[De Tweede Ronde 1997, nummer 1]
Voorwoord
Dit Lentenummer is rijk aan Nederlands proza: met enige trots introduceren we een nieuwe Van der Heijden, debuterend met een doorleefd verslag van een sportieve jeugdervaring (‘Wie wint mag met de ander doen wat hij wil’); vier andere bijdragen zijn van beproefde medewerkers: van Joop van den Berg is er een bezinning op zijn Indische kamptijd (‘Hé, ouwe bloedblaar, de poort is open. We zijn vrij’), van Arnon Grunberg een hoofdstuk uit zijn nieuwe boek, over een held die de lokroep hoort van Hollywood (‘Oh god, weer een wonderkind in de familie’), van Lisette Lewin een beschrijving van haar vaders winterse odyssee door vooroorlogs Midden-Europa (‘De auto hotste over de samengevroren schotsen’) en van Lodewijk Wiener het dramatische begin van een novelle over een jonge vogelaar (‘Uilen waren eigenlijk poezen met vleugels’). In Nederlandse poëzie veel vertrouwde namen, onder wie L.F. Rosen, die zijn rentree maakt met acht gedichten.

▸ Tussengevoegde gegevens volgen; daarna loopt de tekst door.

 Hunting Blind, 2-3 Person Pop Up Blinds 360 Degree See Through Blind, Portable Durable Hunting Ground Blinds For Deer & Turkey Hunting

Het vertaalde deel van dit nummer is gewijd aan de moderne Franse letteren, met name aan de vier auteurs van de (niet-Parijse) uitgeverij Verbier, die het omslag sieren, die door Van Oorschot worden uitgebracht in zijn Franse Bibliotheek en die binnenkort in Nederland worden verwacht voor een indringende presentatie: Bergounioux, Bon, Michon en Rouaud. Ook twee andere Verbier-auteurs geven acte de présence: Daeninckx en Lercher. Daeninckx levert het enige korte verhaal (de overige auteurs zijn vertegenwoordigd met fragmenten uit langer werk); de aangrijpende bijdrage van Lercher, over het bloedbad in Oradour, leek het best te passen in Essay; in dezelfde rubriek heeft gastredactrice Manet van Montfrans de Franse auteurs verhelderend en liefdevol geïntroduceerd. Vooral de vier schrijvers op het omslag maken het de lezer niet gemakkelijk; het zijn geraffineerde stilisten, detaillistisch in hun waarneming, complex in hun gedachtenwereld. Graag steunen we onze uitgever bij zijn moedig streven dit werk in Nederland ingang te doen vinden.

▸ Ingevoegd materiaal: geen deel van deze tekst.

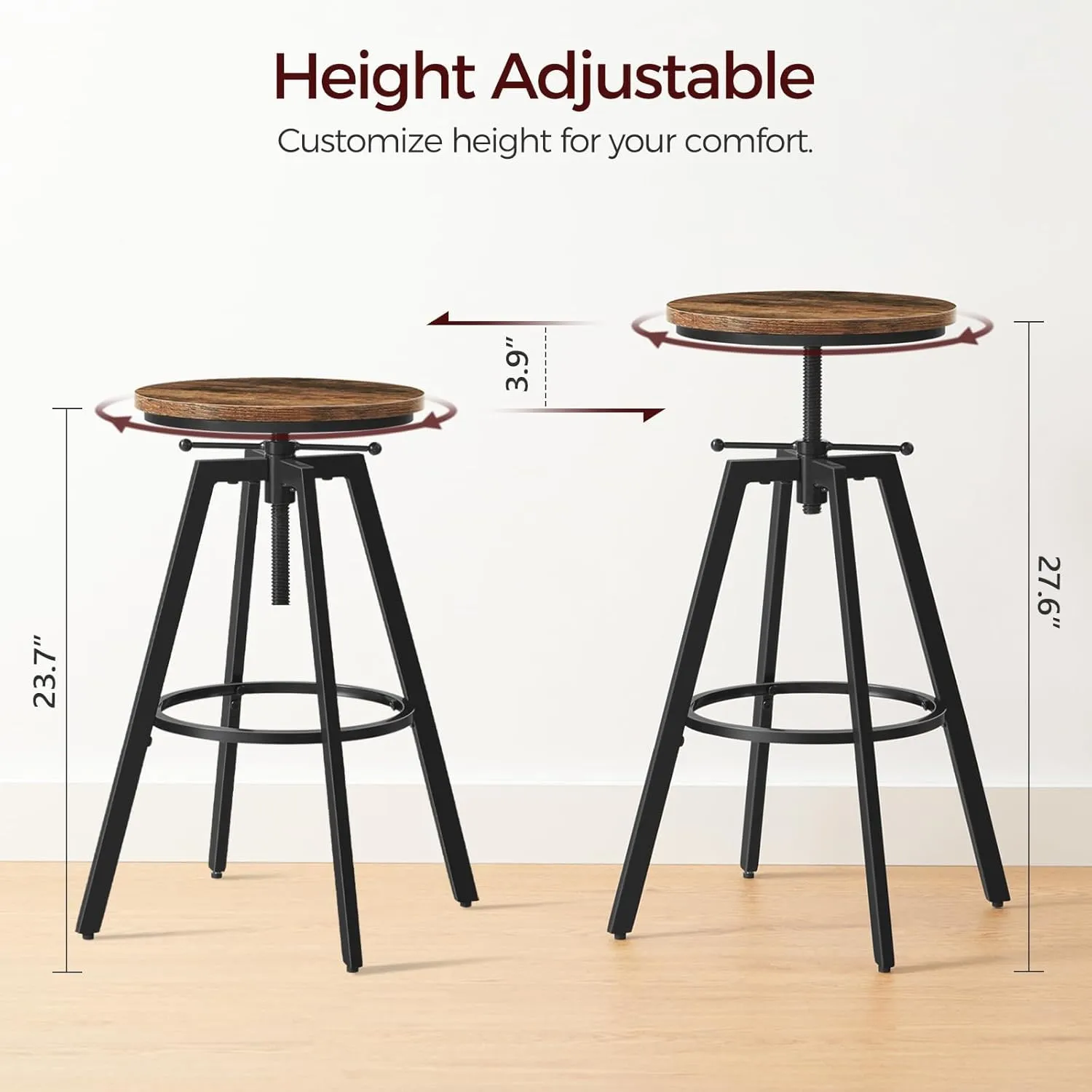 Bar Stools, Height Adjustable Swivel Bar Stool, Counter Height Bar Stool, Set of 2 Industrial Bar Stools, Vintage Round Bar Chairs with Sturdy Metal Frame, Rustic Brown BAHR0701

De tweede gastredacteur van dit nummer, Martin de Haan, heeft voor Vertaalde poëzie de beste hedendaagse Franse gedichten die hij kon vinden geselecteerd en vertaald: werk van Bonnefoy, Bosquet, Goffette, Jaccottet, Marteau en Masson. Eén rubriek is nog niet genoemd, Light Verse. Deze biedt, zoals immer, vele verrassingen.